Monday Morning Talking Points for EverQuest Next

I decided not to rush to post thoughts about EverQuest Next right away.  First of all, the initial presentation, while full of spectacle, was shy on details.  I walked away full of unfocused enthusiasm.  So I decided to see if further panels on the game would bring out more.

And I wanted to see if anybody picked up details I missed and to gauge my enthusiasm to see if my own lens on life was distorting anything way out of shape.  The blogesphere mostly obliged, so if you want further reading you can look at:

In that group there is a range of responses from excitement, to “meh, sounds like Guild Wars 2“, to predictions of failure.  I cannot honestly say I read every one end-to-end… too much to do over the weekend… but there are opinions in there.

In the end, I am not sure if I learned enough by waiting to focus my own enthusiasm.  I was able to fill in a few details, but hard data is still pretty scarce on the ground.  There is an official EverQuest Next wiki forming.  EQNexus is trying to collect data into an information index.  Hopefully we will get something that will stay up to date and pool updates as they come out.

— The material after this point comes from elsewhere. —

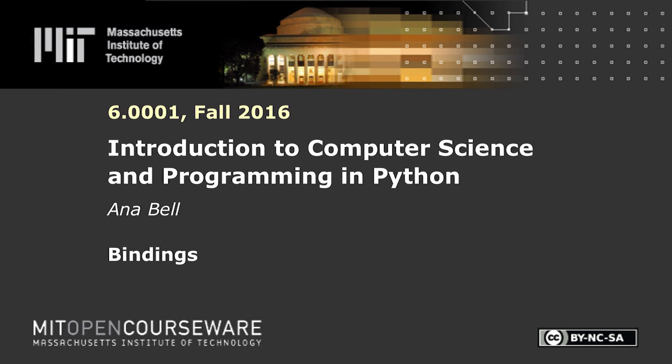The following content is provided under a Creative Commons license. Your support will help MIT OpenCourseWare continue to offer high quality educational resources for free. To make a donation or view additional materials from hundreds of MIT courses, visit MIT OpenCourseWare at ocw.mit.edu.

I am cautiously optimistic.  A lot of what was said sounded like a pretty big change on the fantasy MMORPG front for SOE.  They appear to have stuck to a lot of what I divined in the past as “SOE Lessons Learned” and even managed to include a few items from my wish list.

However, what things will actually look like at launch… we’re still a long way from that.  Here is what I managed to cull from the data stream.  My list of items is after the cut as they go on for a while.

And what came to mind with all that I read and saw?

No Levels

Got my wish on this one I guess.  They cannot de-emphasize levels any more than that.  No obsolete content and no gap between players.  Veterans can play with noobs.  Or such is the promise, along with some vague hand waving about other methods of character progress.  Details are scant, but I can hardly complain about the overall idea.  At least it isn’t mentoring, where the player that levels down is always overpowered.  Now the question is, what alternate progression methods will there be and how will they actually distance an old vet from a new player?

And will there be a “no levels?” backlash?  For all I dislike about levels, they remain a simple and tantalizing progression metric, and there is a demographic out there for whom playing to the level cap is winning the game.

Limited Skills Available

I think I am for this.  One of my fond memories of EverQuest… and consequently one of my dislikes about EverQuest II… was the simplicity of classes.  You only got so many skills and that was that.  Even as a caster with many spells to choose from, you were limited to what you had access to at any moment.  In EQII you had so many skills… all available pretty much all the time… that hot bars multiplied.  Being held down to 8 of your choice sounds good, 4 skills and 4 weapon moves.  A constraint that will lead to interesting choices… so long as things are balanced right.

Skills Specific to Weapons

Your 4 weapon moves are dictated by the weapon you are wielding.  Sounds like Guild Wars 2, and that is not a bad thing.  And, it is sort-of what I asked for, making weapon choices matter.  We shall see how much they matter I guess.

Classes and Multi-classing

You can multi-class all you want, and draw you 4 skills from the classes you have.  And there will be more than 40 classes to go collect.

This one makes me a bit anxious.  You can pick up as many classes as you want and mix and match the skills into your set, advance them all, and change them up at need.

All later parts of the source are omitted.